Its a Mikuni. Any way to steady that idle, guys? If you look at item #12 Iidle mixture needle), on the right side of page, it says the screw is set initially with a full turn (its a EX 21), but that black plastic tip thingy doesnt come off for me to verify the full turn. Could this screw be the culprit?

Thanks!!!


----------



## Giles (Jan 25, 2010)

noquacks said:


> You guys have been a huge support! Update: I got it started!! Combination of the extra sealant on the carb/engine surface and more orfice cleaning(?)
> 
> But, another little problem: It idles rough. Runs OK on high, but has a "hunting" idle (undulating rpm's). Heres the link to the carb: http://outdoorpowerinfo.com/repairs/subaru_robin_mikuni_27x-623xx-xx_carb.asp
> 
> ...


It appears to me that the "black" covering on the pilot screw is a restrictor to limit travel. If it were mine I would cutoff tab "Wing" that will contact the body of the carb. If you remove the entire black cap, there may not be an easy way to rotate the screw. I don't know This should allow adjustment.
Bear in mind that a carburetor does not have to be pereiodically adjusted.

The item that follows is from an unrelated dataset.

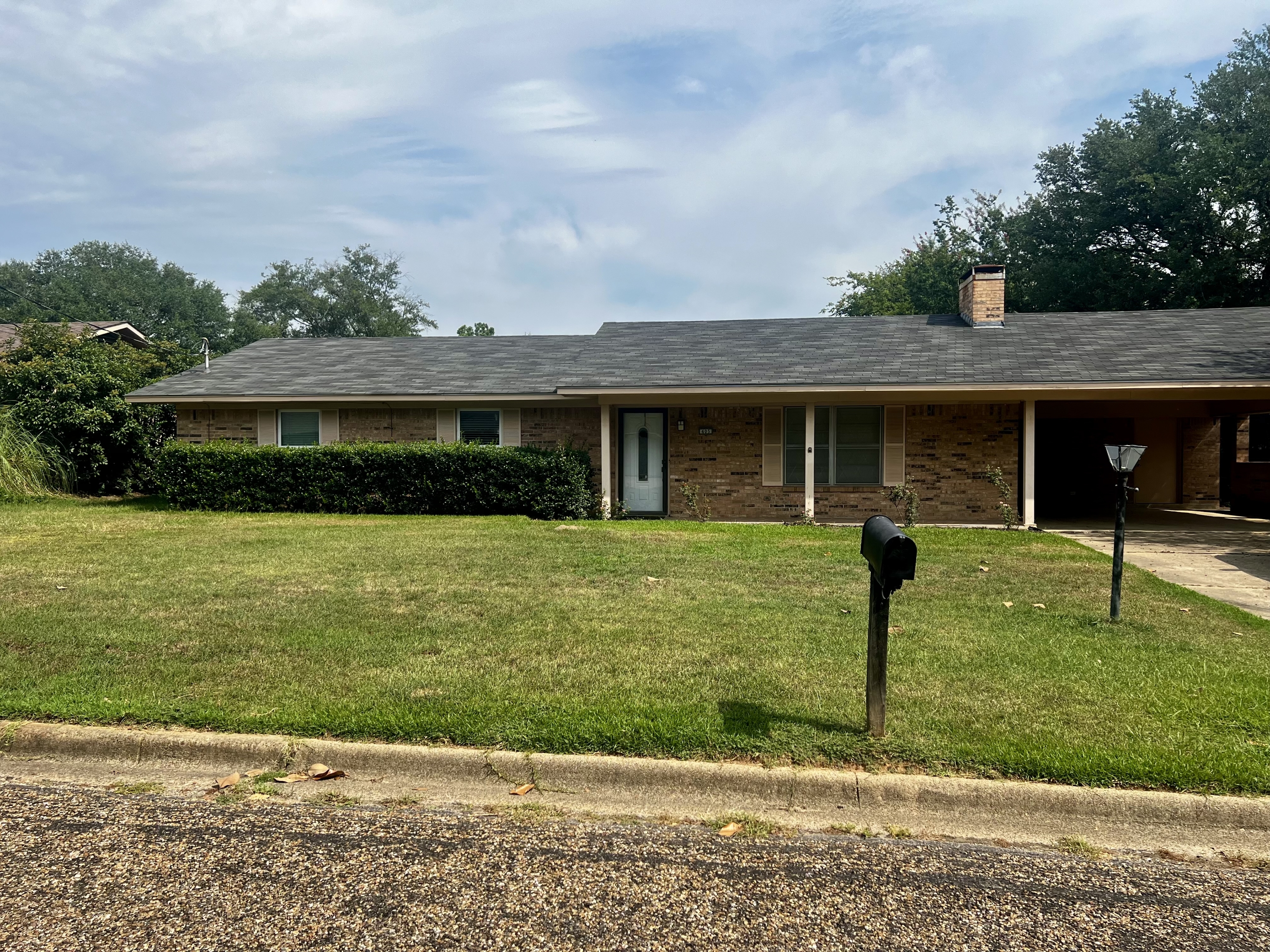 405 Rosewood Street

I have engines that are 20 years old or older and the carburetor adjustments are basically the same as when new.:thumbsup:
Before I would remove the restrictor cap, I would make sure there is no play in the throttle shaft. The throttle shaft goes through the carb. body and holds the butterfly valve. Throttle shaft "o" ring could also be damaged especially if carb. cleaner was used to clean the carb.


----------